S'il y a quelque chose d'évident à la sortie d'une séance de Longlegs, c'est que le film va forcément diviser. Car les cartésiens qui voulaient à tout prix y retrouver une filiation avec le formidable Le Silence des Agneaux en seront pour leurs frais. C'est que Osgood Perkins emprunte un autre chemin.
Car le réalisme froid de naguère sera poussé en arrière plan, au profit d'un long cauchemar noir et d'un malaise dérangeant. Ainsi que d'un étrange rapport au temps et aux souvenirs.
On vous a sans doute déjà rebattu les oreilles de cette fameuse scène d'introduction, noire comme la neige, inquiétante, introduisant un étrange personnage à la voix de crécelle et au teint pâle, dont on ne fait que deviner le visage dans ses rictus lorsque soudain, la gêne se transforme en effroi.
On sent que Perkins vise avant tout à créer une atmosphère délétère pour mieux noyer son enquête et ses personnages. Il y réussira à plusieurs reprises, le bougre, via une mise en scène ultra soignée axée sur le trouble de la symétrie, des mouvements de caméra lents et quelques déflagrations de violence graphique prenant par surprise.
Une atmosphère relayée par l'enquêtrice Lee Harker, dont l'isolement social et les failles éclaboussent l'écran, comme une petite soeur de la Shailene Woodley de Misanthrope.
Si la traque en elle-même demeure classique, elle s'enfonce de manière irrémédiable dans un étrange onirisme des plus sinistres, faisant peu à peu comprendre que quelque chose d'insaisissable est tapi dans l'ombre de la décrépitude, et que le serial killer recherché n'est finalement qu'un véhicule d'une menace plus grande et implacable.
Allant jusqu'à contaminer un retour en enfance, explorée par flashs successifs jouant d'abord sur le pouvoir de suggestion des images, comme si l'on regardait des photos polaroïd, ou un film de famille en train de lentement se détraquer. Si un tel procédé était déjà au coeur de films comme Sinister ou encore Black Phone, il achève cependant d'enfoncer le spectateur dans le malaise du thriller tendance horrifique.

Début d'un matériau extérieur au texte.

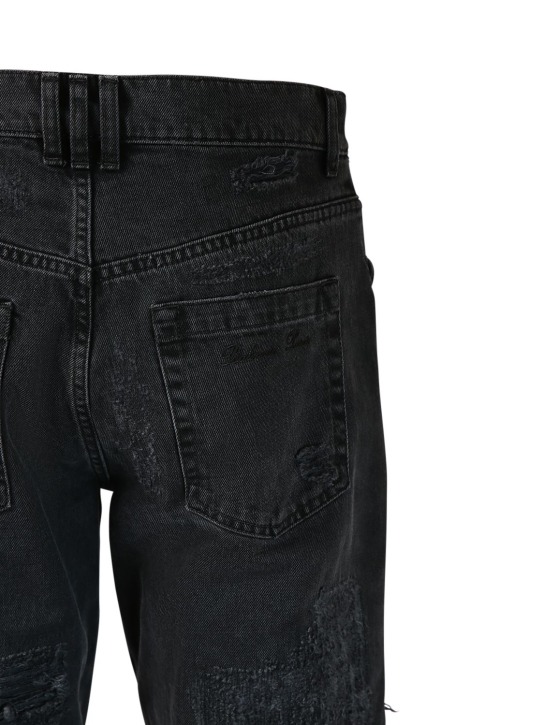 Balmain: Distressed straight denim jeans - Black - men_5 | Luisa Via Roma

Une telle atmosphère et un tel aspect tourné vers l'esthétique aideront sans doute une partie du public à accepter le virage clairement surnaturel pris par le dernier tiers de l'oeuvre, digne de l'esprit des épisodes loner de la série X-Files, illustrant la lente et irrémédiable contamination du mal. Une fois digéré cette composante essentielle du récit, il est difficile d'en tenir rigueur à Lonlegs qui, une heure quarante durant, nous aura emmené avec lui dans un voyage à travers ce que l'humanité recèle de plus sombre et sans retour.